The economics of education point to the growing privatisation of education because of the fiscal constraints faced by the Central and State Governments. Government spending on education in India was 3.3 per cent in 1999-2000.

China's public spending on education was 2 per cent in 1999-2000. But the average government spending on education of the top 100 countries in the world was 5.24 per cent, about 50 per cent more than India's.

India was ranked 81. India has a significant lead over China in investments and spending related to education. But China could use its financial resources in the future to fight for its share of the incomes that the knowledge society would generate.

However, what is more worrying is that the Central and State Governments have other fiscal priorities and compulsions. These may make it difficult for India to boost public spending on education.

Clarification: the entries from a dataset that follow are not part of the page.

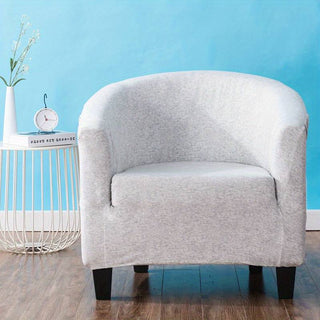 Housse de Fauteuil Crapaud Design - Royale Gris Clair sur fond gris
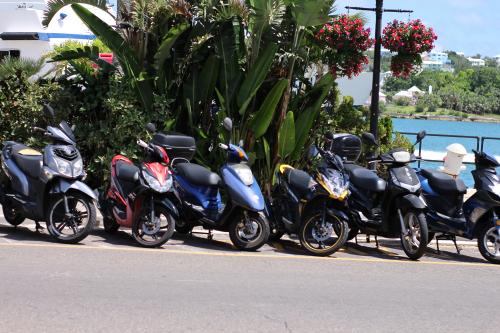 scooters at King's Wharf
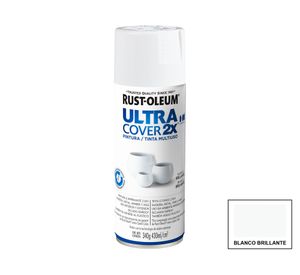 Pintura spray 430 ml Ultra cover 2X blanco brillante Rust-Oleum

Even if the Central and State Governments were to overcome the limitations imposed by the other fiscal priorities and compulsions, it is unlikely that their operations would support the diffuse growth of education.

Governments are more comfortable with centralisation than with diffusion. But the private sector is capable of making a virtue out of a necessity and viable businesses out of ordinary opportunities.

The private sector is also more likely to reinforce institutionalisation without curbing its own competitive instincts.

While it is possible for the Central Government to reinforce institutionalisation through the system of Kendriya Vidyalay (Central school) and India's institutes of higher learning (technology and management), the States are unlikely to participate in the reinforcement.

The private sector can, as a partner of the governments and on its own. India's edge in education will be sharp if the private sector's pivotal role is acknowledged, encouraged and institutionalised through policy.